Activity
Exactly reproduce the lines from the line containing "Adjustable Kitchen Storage" to the end of the data below, inclusive, and nothing else.

Dataset content
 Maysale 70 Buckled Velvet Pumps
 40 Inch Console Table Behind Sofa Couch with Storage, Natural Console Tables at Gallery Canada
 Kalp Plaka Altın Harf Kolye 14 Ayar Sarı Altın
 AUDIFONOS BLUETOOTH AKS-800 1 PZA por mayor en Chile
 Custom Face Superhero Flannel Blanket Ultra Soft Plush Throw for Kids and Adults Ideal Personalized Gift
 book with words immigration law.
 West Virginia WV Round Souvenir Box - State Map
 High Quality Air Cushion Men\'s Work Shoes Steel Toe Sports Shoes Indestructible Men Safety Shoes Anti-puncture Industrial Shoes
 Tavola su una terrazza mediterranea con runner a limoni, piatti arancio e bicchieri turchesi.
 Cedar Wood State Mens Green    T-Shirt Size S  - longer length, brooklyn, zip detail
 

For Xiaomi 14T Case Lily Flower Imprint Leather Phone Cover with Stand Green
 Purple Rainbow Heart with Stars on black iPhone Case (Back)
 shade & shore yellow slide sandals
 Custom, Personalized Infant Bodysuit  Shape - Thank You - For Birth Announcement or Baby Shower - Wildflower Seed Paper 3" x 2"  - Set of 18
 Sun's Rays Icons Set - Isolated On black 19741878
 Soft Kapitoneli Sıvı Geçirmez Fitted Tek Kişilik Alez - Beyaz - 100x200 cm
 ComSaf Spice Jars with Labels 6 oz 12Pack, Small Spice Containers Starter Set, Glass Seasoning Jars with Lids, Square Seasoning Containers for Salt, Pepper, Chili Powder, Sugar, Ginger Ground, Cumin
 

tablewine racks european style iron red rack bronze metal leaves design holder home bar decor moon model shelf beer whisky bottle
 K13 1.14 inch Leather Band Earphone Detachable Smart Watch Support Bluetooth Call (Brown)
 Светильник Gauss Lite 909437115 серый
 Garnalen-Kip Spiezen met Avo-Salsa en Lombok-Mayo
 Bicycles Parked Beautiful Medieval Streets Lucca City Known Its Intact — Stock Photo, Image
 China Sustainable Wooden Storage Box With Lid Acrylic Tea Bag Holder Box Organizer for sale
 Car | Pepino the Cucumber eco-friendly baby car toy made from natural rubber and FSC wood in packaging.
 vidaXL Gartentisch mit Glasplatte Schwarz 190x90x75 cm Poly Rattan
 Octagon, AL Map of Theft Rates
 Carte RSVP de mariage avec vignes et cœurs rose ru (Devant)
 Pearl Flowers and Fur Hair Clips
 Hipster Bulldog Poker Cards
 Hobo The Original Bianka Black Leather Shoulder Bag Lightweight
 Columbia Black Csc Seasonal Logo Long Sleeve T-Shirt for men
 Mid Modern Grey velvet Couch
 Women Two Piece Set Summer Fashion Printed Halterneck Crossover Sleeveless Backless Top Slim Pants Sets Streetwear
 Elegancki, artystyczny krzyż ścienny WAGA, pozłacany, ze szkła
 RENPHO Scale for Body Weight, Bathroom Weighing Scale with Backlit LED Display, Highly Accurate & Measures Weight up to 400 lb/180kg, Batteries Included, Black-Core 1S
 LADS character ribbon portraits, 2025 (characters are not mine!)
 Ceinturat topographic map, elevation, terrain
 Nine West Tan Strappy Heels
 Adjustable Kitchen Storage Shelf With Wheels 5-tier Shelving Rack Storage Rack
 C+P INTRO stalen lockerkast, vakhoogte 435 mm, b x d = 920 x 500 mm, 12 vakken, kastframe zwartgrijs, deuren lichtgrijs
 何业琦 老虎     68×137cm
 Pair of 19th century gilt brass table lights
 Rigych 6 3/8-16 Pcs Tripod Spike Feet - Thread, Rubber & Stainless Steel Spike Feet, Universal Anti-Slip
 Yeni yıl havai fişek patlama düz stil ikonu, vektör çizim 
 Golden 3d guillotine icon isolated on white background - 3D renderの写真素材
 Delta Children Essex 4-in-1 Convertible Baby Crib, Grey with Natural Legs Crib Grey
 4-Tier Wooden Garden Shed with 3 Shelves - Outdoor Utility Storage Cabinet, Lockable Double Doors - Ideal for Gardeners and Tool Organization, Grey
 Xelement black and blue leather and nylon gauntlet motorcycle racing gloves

Output
 Adjustable Kitchen Storage Shelf With Wheels 5-tier Shelving Rack Storage Rack
 C+P INTRO stalen lockerkast, vakhoogte 435 mm, b x d = 920 x 500 mm, 12 vakken, kastframe zwartgrijs, deuren lichtgrijs
 何业琦 老虎     68×137cm
 Pair of 19th century gilt brass table lights
 Rigych 6 3/8-16 Pcs Tripod Spike Feet - Thread, Rubber & Stainless Steel Spike Feet, Universal Anti-Slip
 Yeni yıl havai fişek patlama düz stil ikonu, vektör çizim 
 Golden 3d guillotine icon isolated on white background - 3D renderの写真素材
 Delta Children Essex 4-in-1 Convertible Baby Crib, Grey with Natural Legs Crib Grey
 4-Tier Wooden Garden Shed with 3 Shelves - Outdoor Utility Storage Cabinet, Lockable Double Doors - Ideal for Gardeners and Tool Organization, Grey
 Xelement black and blue leather and nylon gauntlet motorcycle racing gloves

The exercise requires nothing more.